_Provided material_
= Beginning of Section =
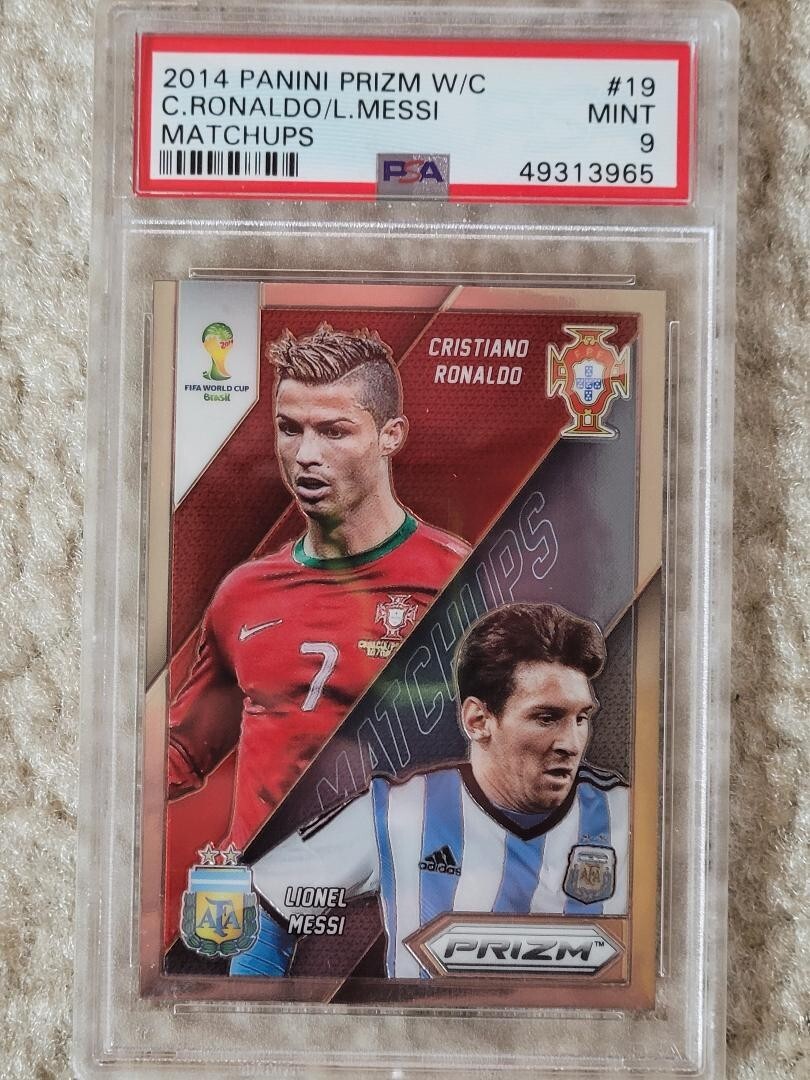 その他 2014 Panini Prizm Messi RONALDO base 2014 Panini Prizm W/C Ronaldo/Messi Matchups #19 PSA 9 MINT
= End of Section =
= Beginning of Section =
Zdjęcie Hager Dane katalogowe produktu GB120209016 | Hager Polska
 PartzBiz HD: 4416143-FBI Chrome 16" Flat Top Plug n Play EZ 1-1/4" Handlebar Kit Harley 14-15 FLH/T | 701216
= End of Section =
_What you should do_
Restate word for word the lines in the material above from the one with "Zdjęcie Hager Dane" to the one with "PartzBiz HD: 4416143-FBI"; both of those lines count, and nothing else does.

_Solution for this problem_
Zdjęcie Hager Dane katalogowe produktu GB120209016 | Hager Polska
 PartzBiz HD: 4416143-FBI Chrome 16" Flat Top Plug n Play EZ 1-1/4" Handlebar Kit Harley 14-15 FLH/T | 701216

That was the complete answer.